I saw one on E-bay but got outbid. I ahve a collection of Pumas but have never heard or saw this knife before yesterday, it looks like it is an older knife. Any ideas where I could get one?

Puma 370 Military style folder with olive drab handles.
Blade measures 3 3/4". Overall lenght is 8 3/4".


----------



## Ths dog hunts!! (Oct 6, 2008)

Dunno for sure, but they use to sell things like that at Dobbins Naval air station!!  If you come across a CASE Sodbuster Lockblade would you let me know where??


----------



## CAL (Oct 6, 2008)

Is that the same as the 970 Puma?


----------



## chambers270 (Oct 6, 2008)

Dont know there was 2 different models, the sizes were a little different.

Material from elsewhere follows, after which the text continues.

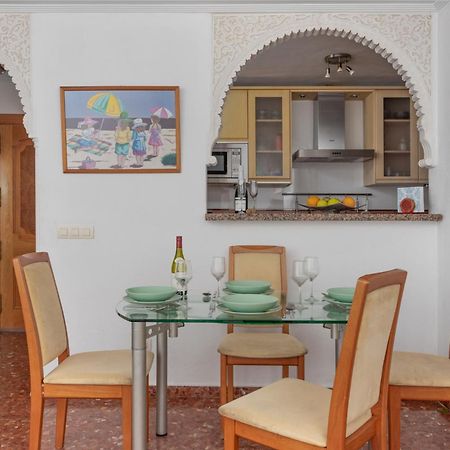 Beachfront, Two Bed- & Bathrooms, Private Parking Fuengirola Buitenkant foto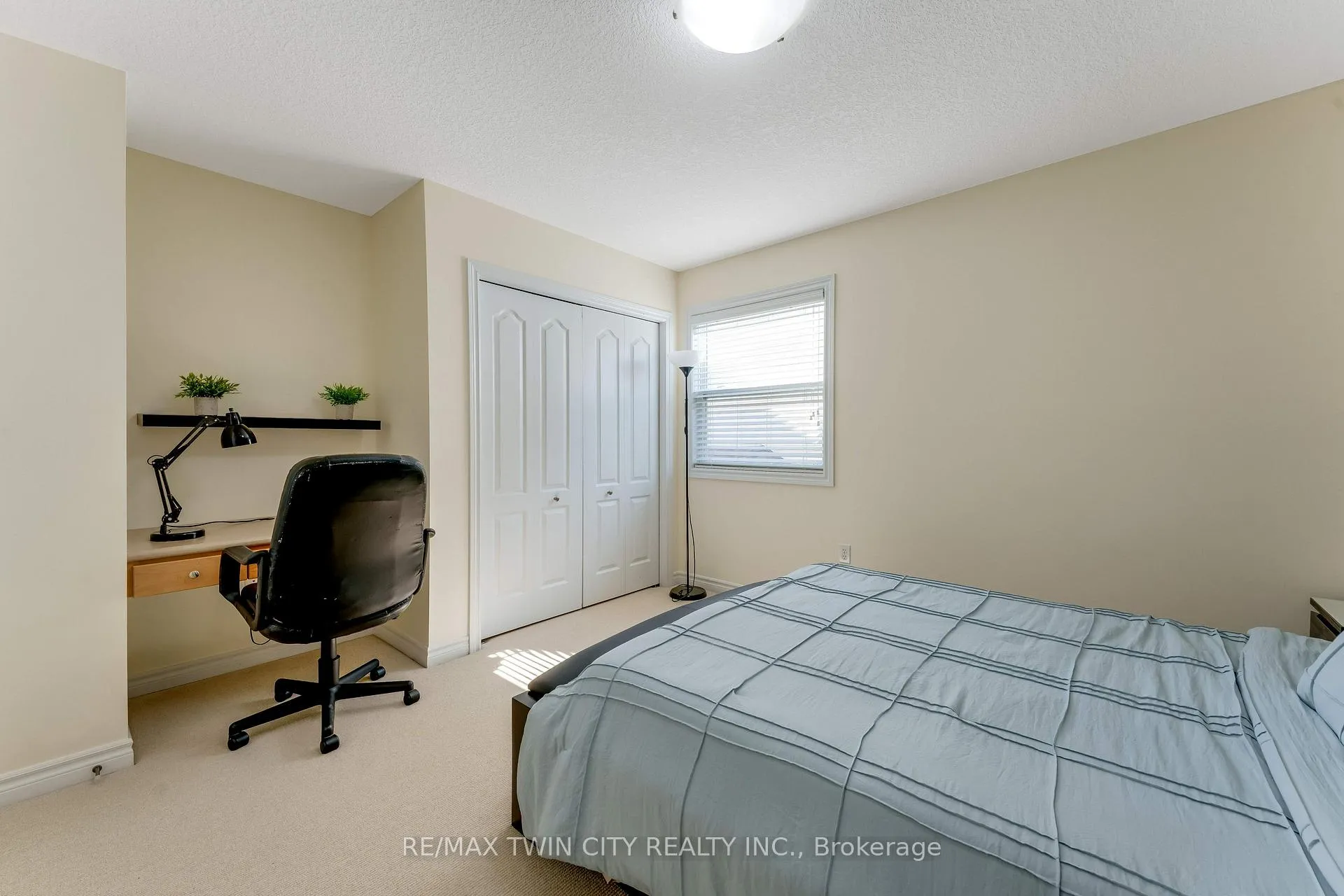 Photo 27 of 27 Tremaine Drive, Kitchener — HOMEH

I asked the seller and he said he got them from his Dad and had no idea where he got them from.


----------



## Up-A-Tree (Oct 14, 2008)

Check out this site
http://www.pumaknives.de/index_en.php


----------



## chambers270 (Dec 1, 2008)

Still have not came across another knife like this.

Any ideas?


----------



## boneboy96 (Dec 1, 2008)

http://www.leescutlery.com/pu2303mifokn.html
it's sold but perhaps you can trace one down there!  I have several Puma's Chris...pm me if you are interested...


----------



## chambers270 (Dec 1, 2008)

Thanks that is just like the other 2 I found but I am late again.


----------



## chambers270 (Feb 2, 2009)

I would really appreciate some help if anybody knows where I could find one of these knives.


----------



## slightly grayling (Feb 6, 2009)

That is an older model.....I had one stolen out of my car years ago....it is a nice well made.





chambers270 said:


> I saw one on E-bay but got outbid. I ahve a collection of Pumas but have never heard or saw this knife before yesterday, it looks like it is an older knife. Any ideas where I could get one?
> 
> Puma 370 Military style folder with olive drab handles.
> Blade measures 3 3/4". Overall lenght is 8 3/4".


----------